(DATASET EXTRACT)
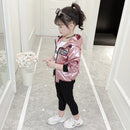 Fashion Shiny Baby Girl's Bomber Jacket New Spring Fall Baseball Jacket Girl Kids Bright Outerwear Tops Outfits Windbreaker Coat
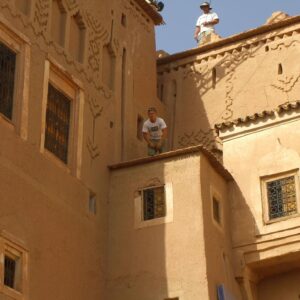 David Holmes Instagram - In 2008, between the Potter movies, I worked on Prince of Persia: The Sands of Time. 
Both myself and Marc Mailley were brought in to double for the kids, with Marc being the stunt double for young Dastan and myself the double for his childhood friend in the film. My job was to be jumping around rooftops performing parkour, evading capture. Marc actually performed the biggest gags and I was to do a few. 

Mike Newell was directing - he had also directed Potter 4, so knew me well. He’s a lovely man and actually visited me in hospital after my accident.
(End DATASET EXTRACT)
» **WORK REQUIRED**
Transcribe the listing exactly. Its images are to be omitted.

» **TASK OUTPUT**
 Fashion Shiny Baby Girl's Bomber Jacket New Spring Fall Baseball Jacket Girl Kids Bright Outerwear Tops Outfits Windbreaker Coat
 David Holmes Instagram - In 2008, between the Potter movies, I worked on Prince of Persia: The Sands of Time. 
Both myself and Marc Mailley were brought in to double for the kids, with Marc being the stunt double for young Dastan and myself the double for his childhood friend in the film. My job was to be jumping around rooftops performing parkour, evading capture. Marc actually performed the biggest gags and I was to do a few. 

Mike Newell was directing - he had also directed Potter 4, so knew me well. He’s a lovely man and actually visited me in hospital after my accident.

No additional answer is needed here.